Work required: Among the entries below, one line contains "8ctw Inside Out" and another contains "Tapet și Fototapet". Transcribe those two lines and every line between them, exactly.

Items from a data source:
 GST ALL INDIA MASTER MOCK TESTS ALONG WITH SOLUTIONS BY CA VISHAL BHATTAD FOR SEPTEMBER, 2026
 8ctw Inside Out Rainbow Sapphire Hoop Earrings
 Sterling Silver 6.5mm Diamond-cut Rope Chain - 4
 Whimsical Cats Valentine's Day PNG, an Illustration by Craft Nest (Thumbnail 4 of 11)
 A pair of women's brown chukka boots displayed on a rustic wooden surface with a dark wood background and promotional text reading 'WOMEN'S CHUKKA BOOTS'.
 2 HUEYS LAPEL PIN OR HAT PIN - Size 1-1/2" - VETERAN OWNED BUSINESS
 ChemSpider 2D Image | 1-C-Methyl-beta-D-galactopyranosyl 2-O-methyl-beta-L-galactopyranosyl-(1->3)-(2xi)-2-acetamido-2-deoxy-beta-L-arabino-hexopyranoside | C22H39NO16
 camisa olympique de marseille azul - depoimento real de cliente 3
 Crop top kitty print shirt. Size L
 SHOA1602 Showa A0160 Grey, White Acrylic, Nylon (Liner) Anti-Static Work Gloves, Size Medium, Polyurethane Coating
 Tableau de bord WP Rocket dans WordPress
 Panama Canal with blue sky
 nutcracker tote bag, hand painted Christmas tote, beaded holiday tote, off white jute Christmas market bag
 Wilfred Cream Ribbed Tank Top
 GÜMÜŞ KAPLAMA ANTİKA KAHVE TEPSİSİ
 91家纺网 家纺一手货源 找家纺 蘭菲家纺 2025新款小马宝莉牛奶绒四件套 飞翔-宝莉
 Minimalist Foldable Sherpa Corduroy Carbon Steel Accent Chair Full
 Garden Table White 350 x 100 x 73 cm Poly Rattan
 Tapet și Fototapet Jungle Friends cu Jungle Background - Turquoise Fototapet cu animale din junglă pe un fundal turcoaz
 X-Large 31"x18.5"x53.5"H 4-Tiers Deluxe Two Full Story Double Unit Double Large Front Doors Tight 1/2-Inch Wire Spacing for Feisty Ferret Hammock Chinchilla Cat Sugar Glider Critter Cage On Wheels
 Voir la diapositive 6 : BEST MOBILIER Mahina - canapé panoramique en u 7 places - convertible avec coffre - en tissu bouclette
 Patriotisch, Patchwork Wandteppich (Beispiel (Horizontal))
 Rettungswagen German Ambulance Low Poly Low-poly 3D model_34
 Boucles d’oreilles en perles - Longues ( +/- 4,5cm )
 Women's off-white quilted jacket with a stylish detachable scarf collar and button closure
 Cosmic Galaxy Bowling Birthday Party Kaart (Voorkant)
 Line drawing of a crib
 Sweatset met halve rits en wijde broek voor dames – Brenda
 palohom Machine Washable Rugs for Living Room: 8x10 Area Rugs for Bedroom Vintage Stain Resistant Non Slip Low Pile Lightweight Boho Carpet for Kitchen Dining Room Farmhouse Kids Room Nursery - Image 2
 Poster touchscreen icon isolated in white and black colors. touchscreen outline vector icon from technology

Answer to the problem:
 8ctw Inside Out Rainbow Sapphire Hoop Earrings
 Sterling Silver 6.5mm Diamond-cut Rope Chain - 4
 Whimsical Cats Valentine's Day PNG, an Illustration by Craft Nest (Thumbnail 4 of 11)
 A pair of women's brown chukka boots displayed on a rustic wooden surface with a dark wood background and promotional text reading 'WOMEN'S CHUKKA BOOTS'.
 2 HUEYS LAPEL PIN OR HAT PIN - Size 1-1/2" - VETERAN OWNED BUSINESS
 ChemSpider 2D Image | 1-C-Methyl-beta-D-galactopyranosyl 2-O-methyl-beta-L-galactopyranosyl-(1->3)-(2xi)-2-acetamido-2-deoxy-beta-L-arabino-hexopyranoside | C22H39NO16
 camisa olympique de marseille azul - depoimento real de cliente 3
 Crop top kitty print shirt. Size L
 SHOA1602 Showa A0160 Grey, White Acrylic, Nylon (Liner) Anti-Static Work Gloves, Size Medium, Polyurethane Coating
 Tableau de bord WP Rocket dans WordPress
 Panama Canal with blue sky
 nutcracker tote bag, hand painted Christmas tote, beaded holiday tote, off white jute Christmas market bag
 Wilfred Cream Ribbed Tank Top
 GÜMÜŞ KAPLAMA ANTİKA KAHVE TEPSİSİ
 91家纺网 家纺一手货源 找家纺 蘭菲家纺 2025新款小马宝莉牛奶绒四件套 飞翔-宝莉
 Minimalist Foldable Sherpa Corduroy Carbon Steel Accent Chair Full
 Garden Table White 350 x 100 x 73 cm Poly Rattan
 Tapet și Fototapet Jungle Friends cu Jungle Background - Turquoise Fototapet cu animale din junglă pe un fundal turcoaz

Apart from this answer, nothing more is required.